Stored records:
————
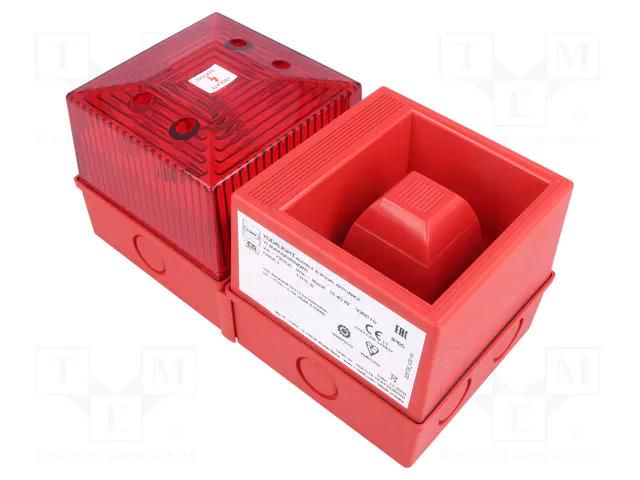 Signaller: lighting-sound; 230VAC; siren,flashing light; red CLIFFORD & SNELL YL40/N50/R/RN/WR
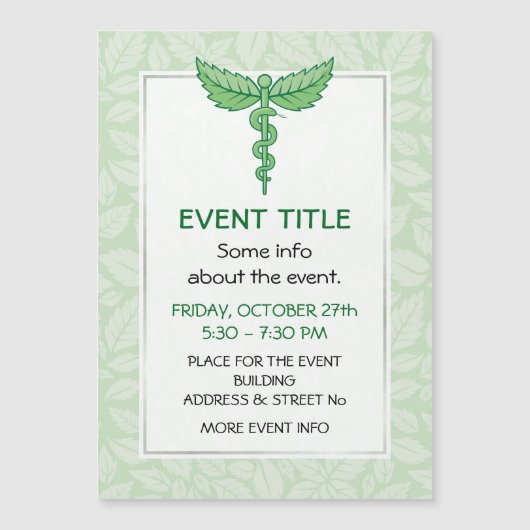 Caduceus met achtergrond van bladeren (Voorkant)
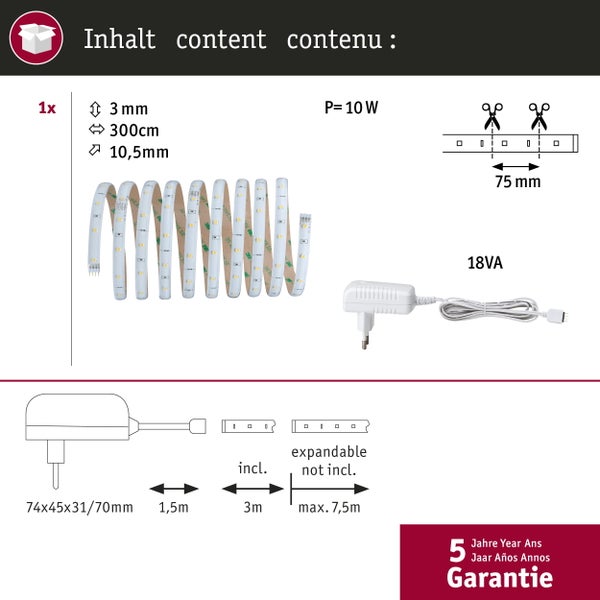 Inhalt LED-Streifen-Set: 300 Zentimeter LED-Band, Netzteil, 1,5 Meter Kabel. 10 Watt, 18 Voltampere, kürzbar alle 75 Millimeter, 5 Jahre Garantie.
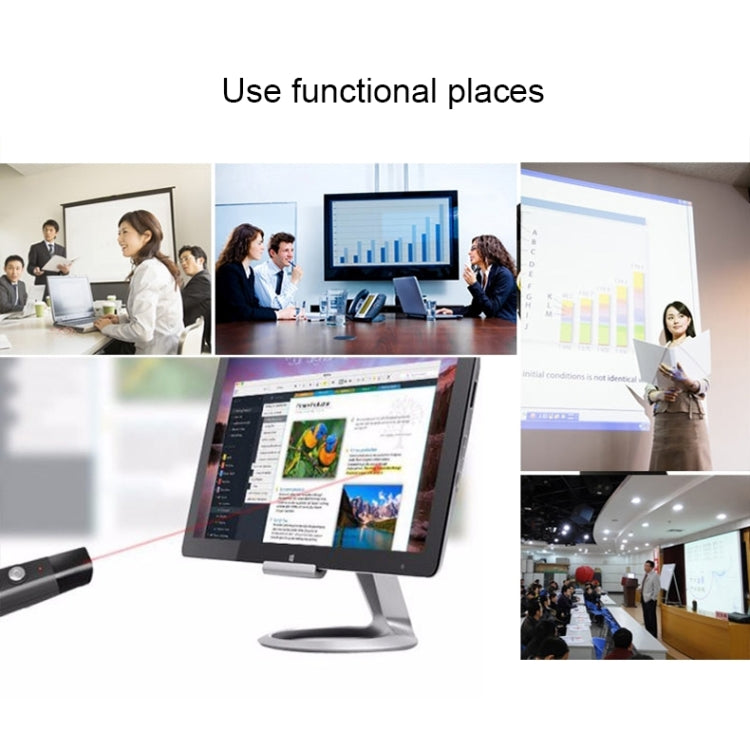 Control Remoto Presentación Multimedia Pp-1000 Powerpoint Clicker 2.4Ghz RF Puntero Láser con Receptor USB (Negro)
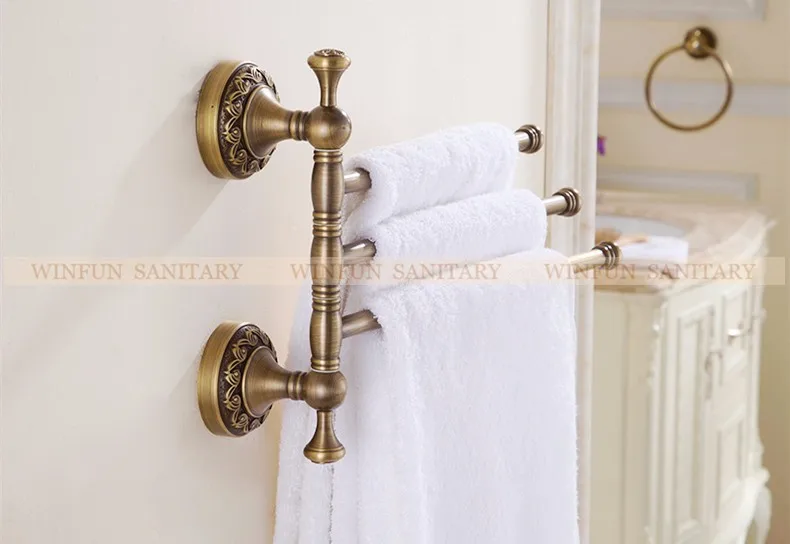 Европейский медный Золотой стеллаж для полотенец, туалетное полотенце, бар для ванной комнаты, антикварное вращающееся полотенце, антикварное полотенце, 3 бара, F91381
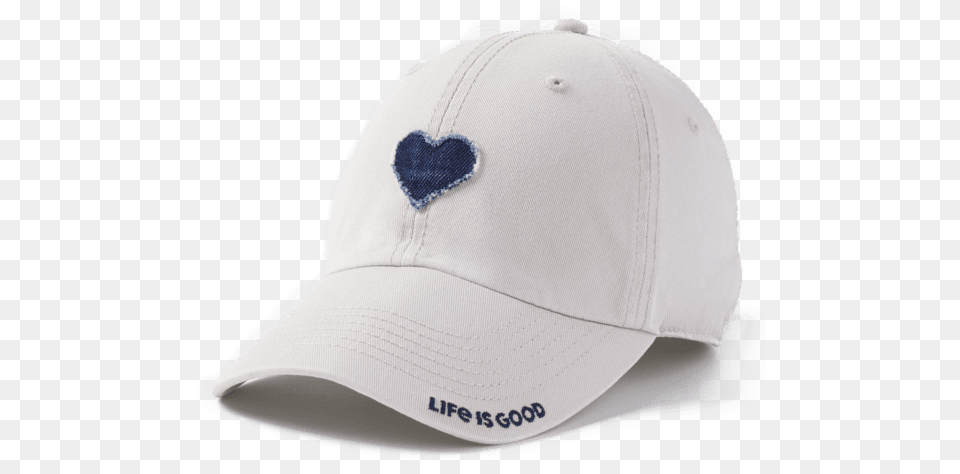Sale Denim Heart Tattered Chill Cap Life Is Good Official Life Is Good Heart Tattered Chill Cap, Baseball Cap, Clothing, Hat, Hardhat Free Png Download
————
> **What is required**: Your response must restate every record above exactly, with each picture omitted.

> **Expected output**:
 Signaller: lighting-sound; 230VAC; siren,flashing light; red CLIFFORD & SNELL YL40/N50/R/RN/WR
 Caduceus met achtergrond van bladeren (Voorkant)
 Inhalt LED-Streifen-Set: 300 Zentimeter LED-Band, Netzteil, 1,5 Meter Kabel. 10 Watt, 18 Voltampere, kürzbar alle 75 Millimeter, 5 Jahre Garantie.
 Control Remoto Presentación Multimedia Pp-1000 Powerpoint Clicker 2.4Ghz RF Puntero Láser con Receptor USB (Negro)
 Европейский медный Золотой стеллаж для полотенец, туалетное полотенце, бар для ванной комнаты, антикварное вращающееся полотенце, антикварное полотенце, 3 бара, F91381
Sale Denim Heart Tattered Chill Cap Life Is Good Official Life Is Good Heart Tattered Chill Cap, Baseball Cap, Clothing, Hat, Hardhat Free Png Download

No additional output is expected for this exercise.